(Input data)

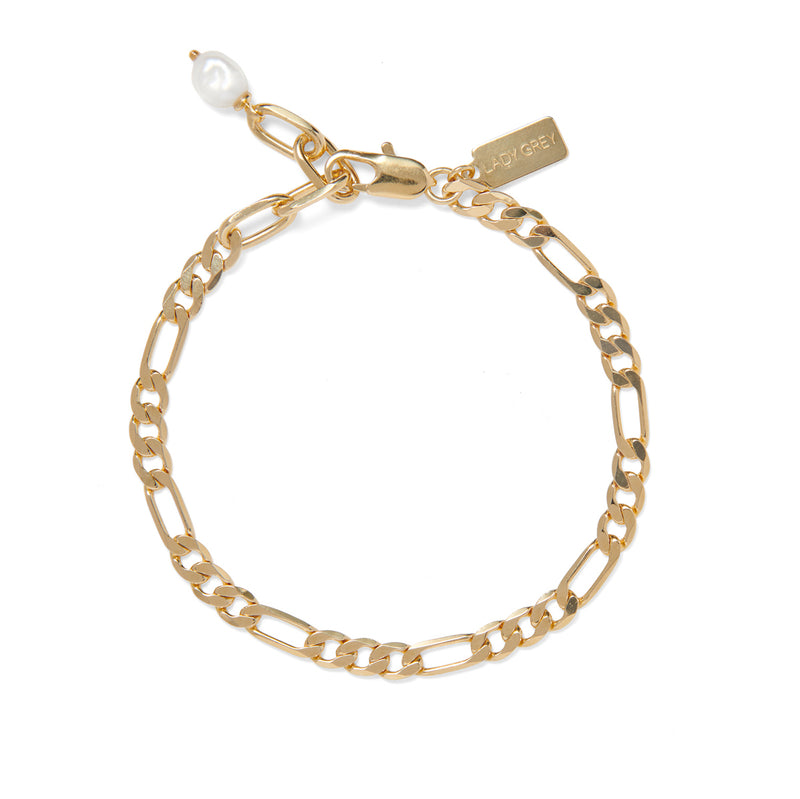 Pearl Figaro Bracelet in Gold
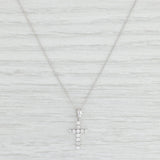 New 0.20ctw Diamond Cross Pendant Necklace 14k White Gold 18" Rope Chain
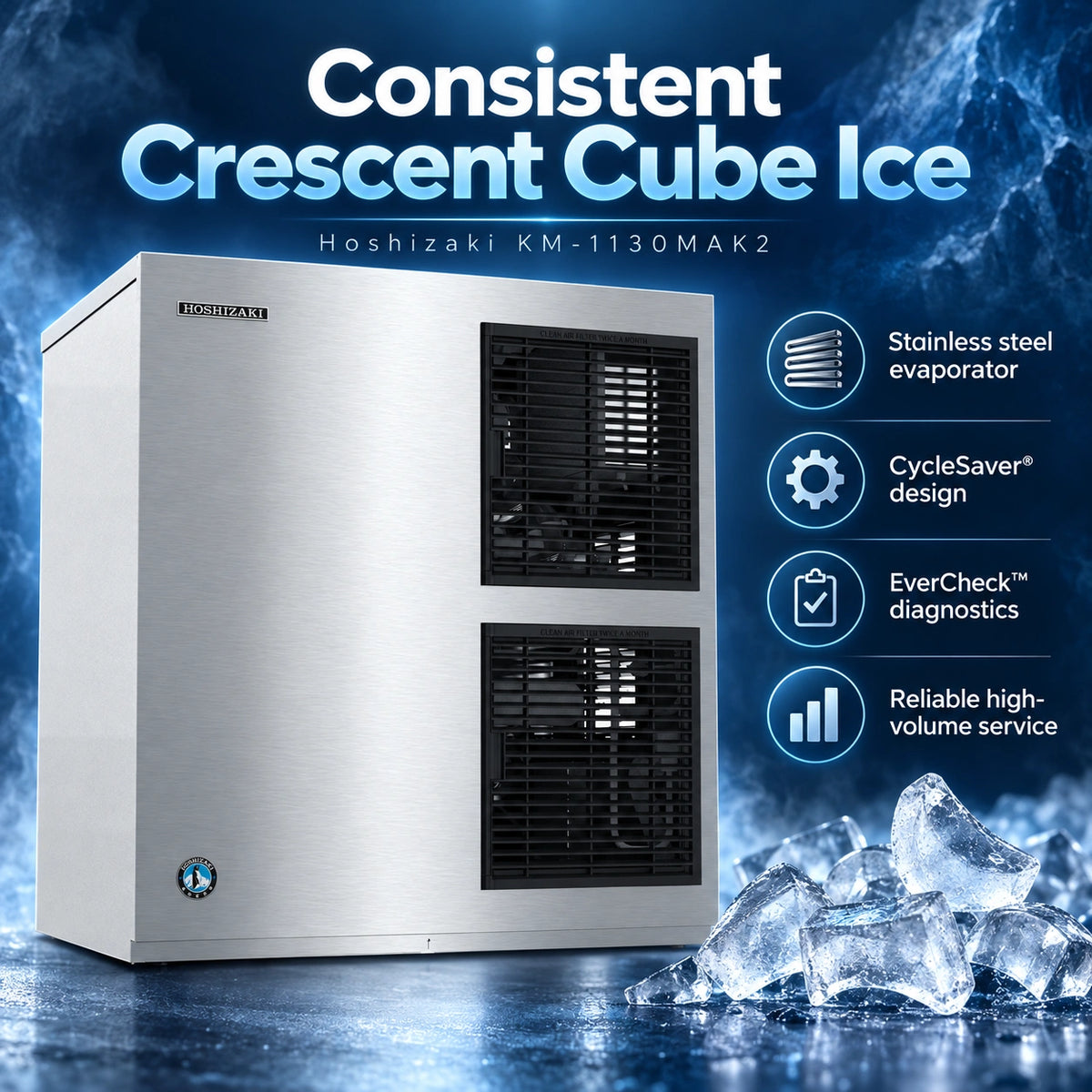 Hoshizaki KM-1130MAK2 30-Inch Air-Cooled Crescent Cube Ice Machine Head - 1181 lb/Day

(End Input data)

◆ **What to produce**
Copy out all the data exactly. The images should not appear in the copy.

◆ **Response to this exercise**
 Pearl Figaro Bracelet in Gold
 New 0.20ctw Diamond Cross Pendant Necklace 14k White Gold 18" Rope Chain
 Hoshizaki KM-1130MAK2 30-Inch Air-Cooled Crescent Cube Ice Machine Head - 1181 lb/Day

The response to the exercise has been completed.